Copy out precisely the lines from the start of the data through the line with "Happy Little Snowmen", and keep pictures out of it.

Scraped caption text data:
[Start of section]

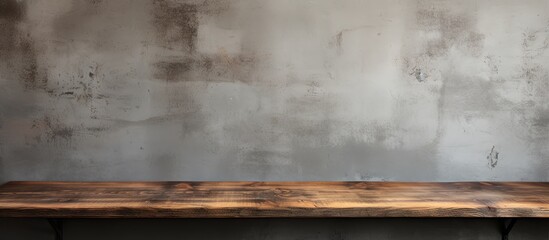 Products and objects placed on empty wooden tables or shelves against a concrete wall background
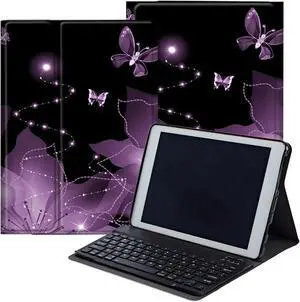 DEGDFSGR for Samsung Galaxy Tab A8 10.5 Case with Keyboard, Detachable Wireless Keyboard Magnetic Closure Protective Cover Case for Samsung Tab A8 2022[SM-X200 X205 X207], Purple Flower Butterfly
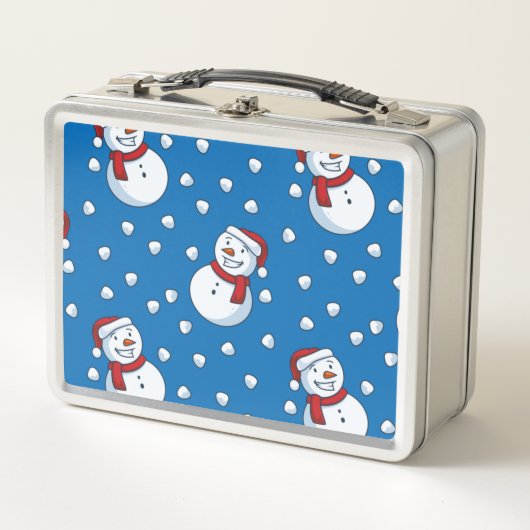 Happy Little Snowmen in Scarves und Hats Metall Lunch Box (Vorderseite)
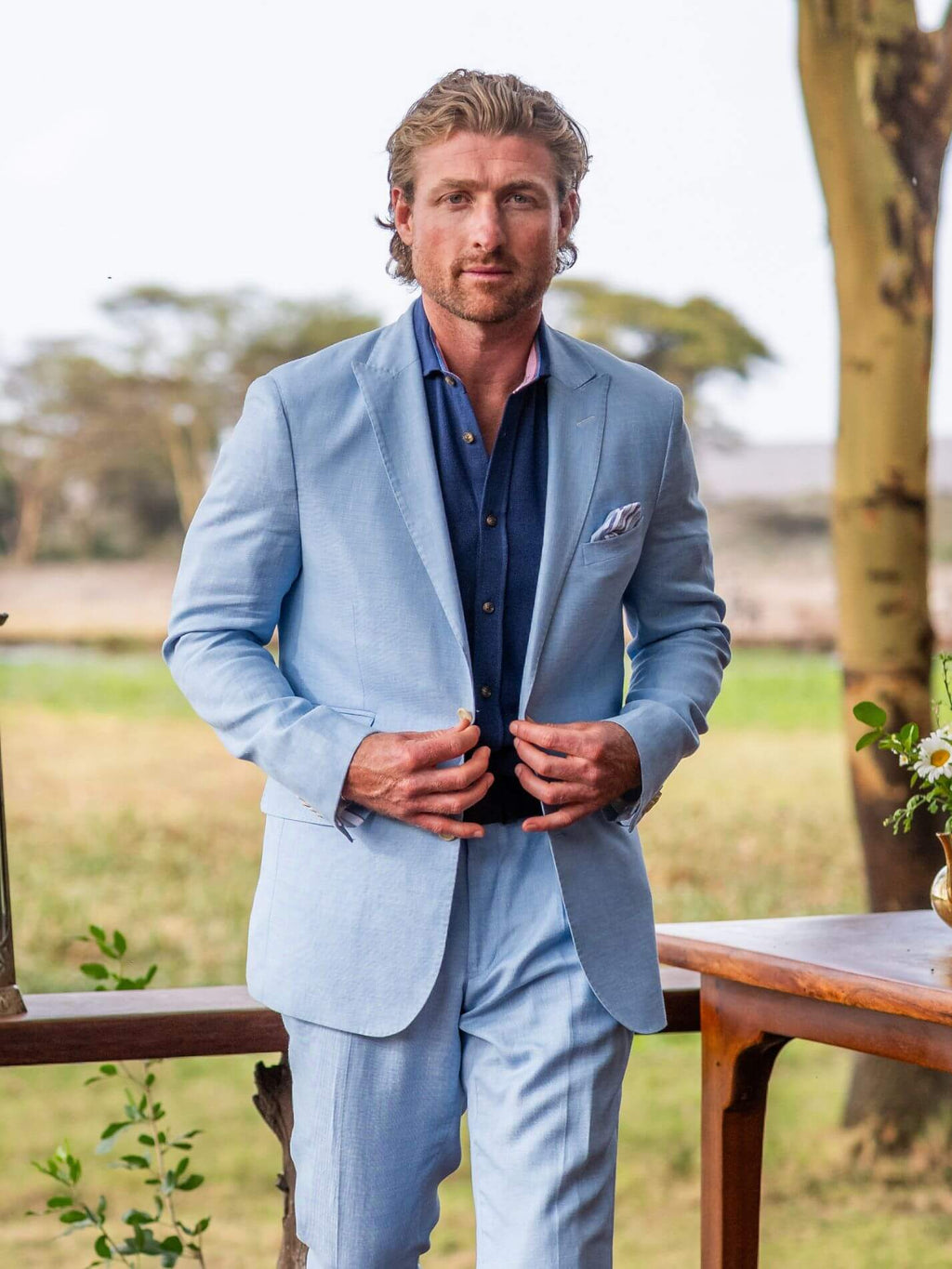 Light Blue Blazer - Linen, Wool & Silk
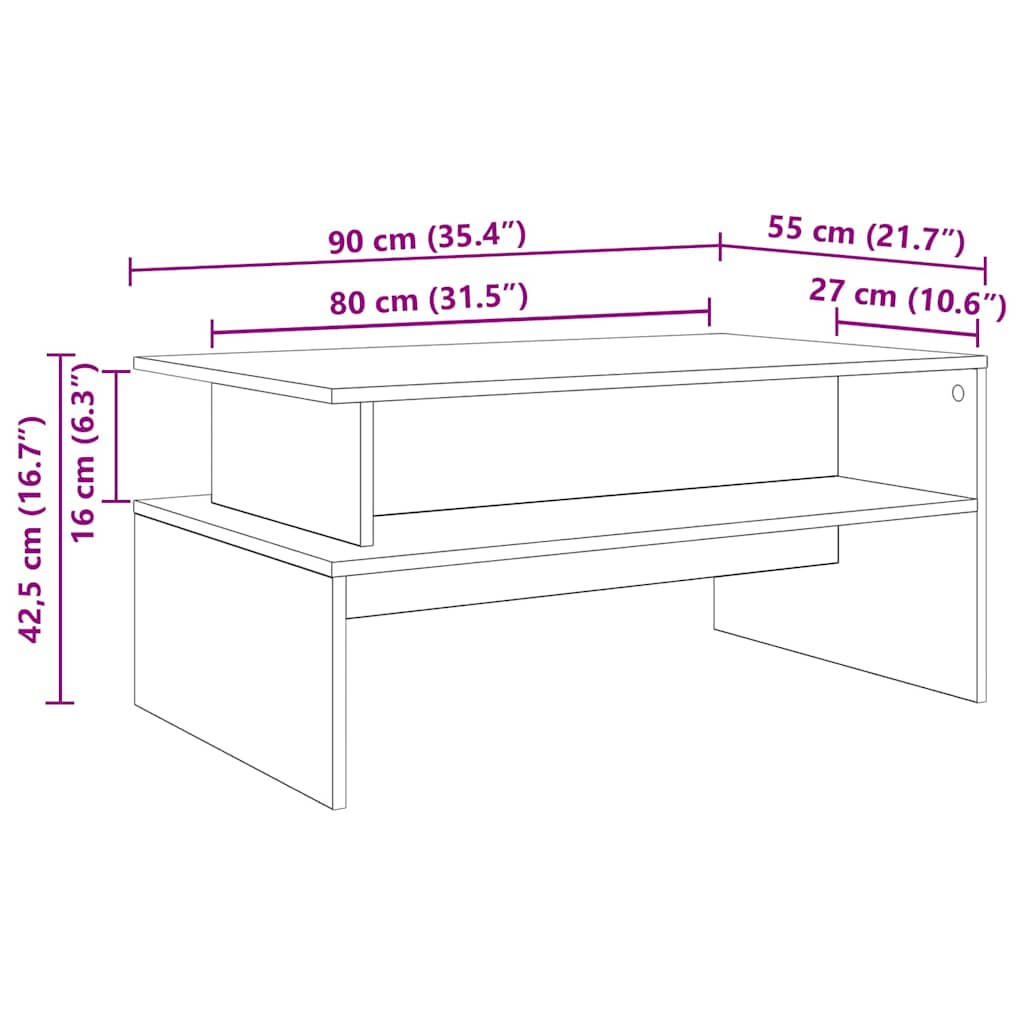 Kaffebord Gammelt tre 90 x 55 x 42,5 cm Konstruert tre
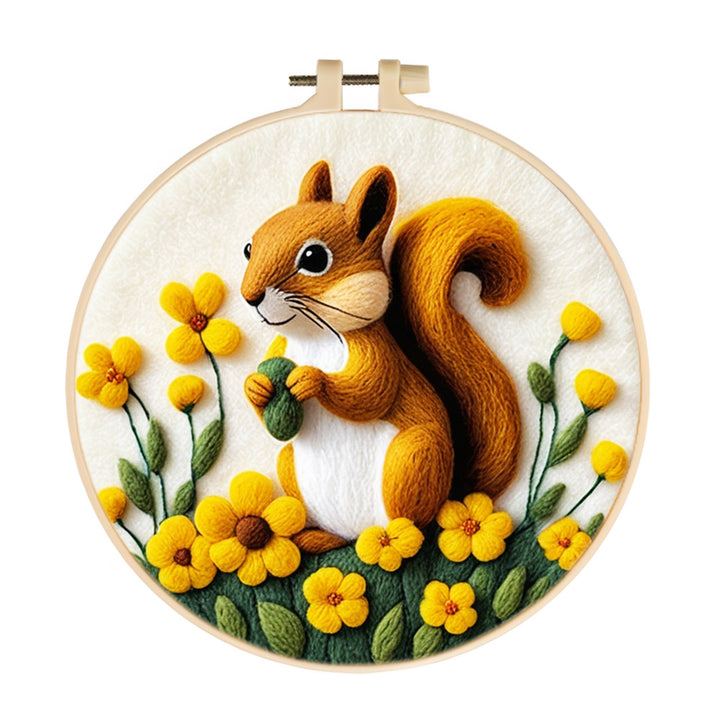Squirrel in the Yellow Flower Field Wool Needle Felting Painting Kit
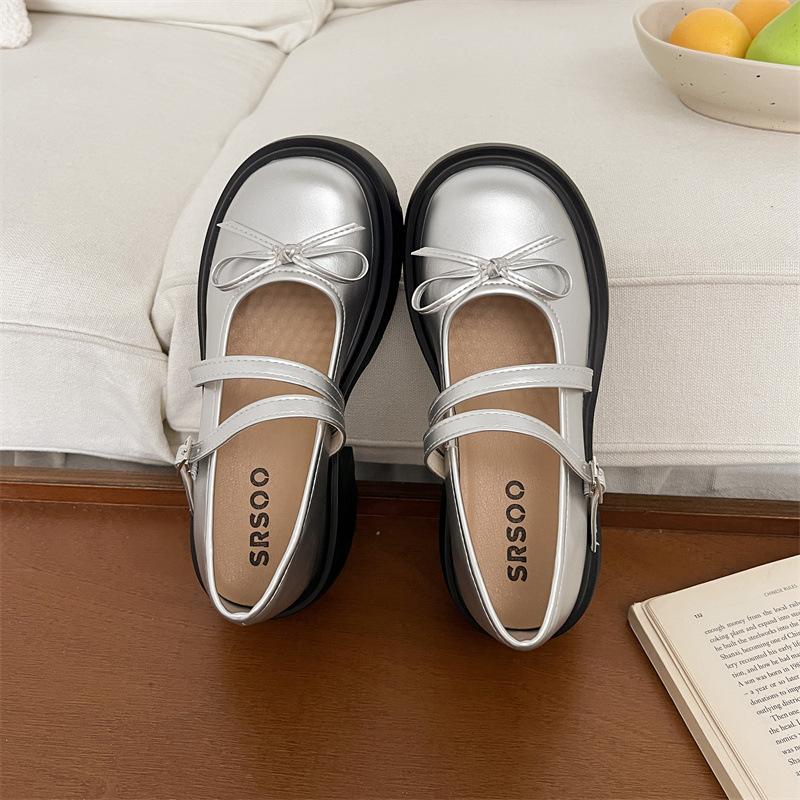 

Black French light mouth platform single shoes women s 2025 new summer with skirt retro heightened thick heel Mary Jane shoes 40 серебряный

[End of section]

** SOLUTION **
 Products and objects placed on empty wooden tables or shelves against a concrete wall background
 DEGDFSGR for Samsung Galaxy Tab A8 10.5 Case with Keyboard, Detachable Wireless Keyboard Magnetic Closure Protective Cover Case for Samsung Tab A8 2022[SM-X200 X205 X207], Purple Flower Butterfly
 Happy Little Snowmen in Scarves und Hats Metall Lunch Box (Vorderseite)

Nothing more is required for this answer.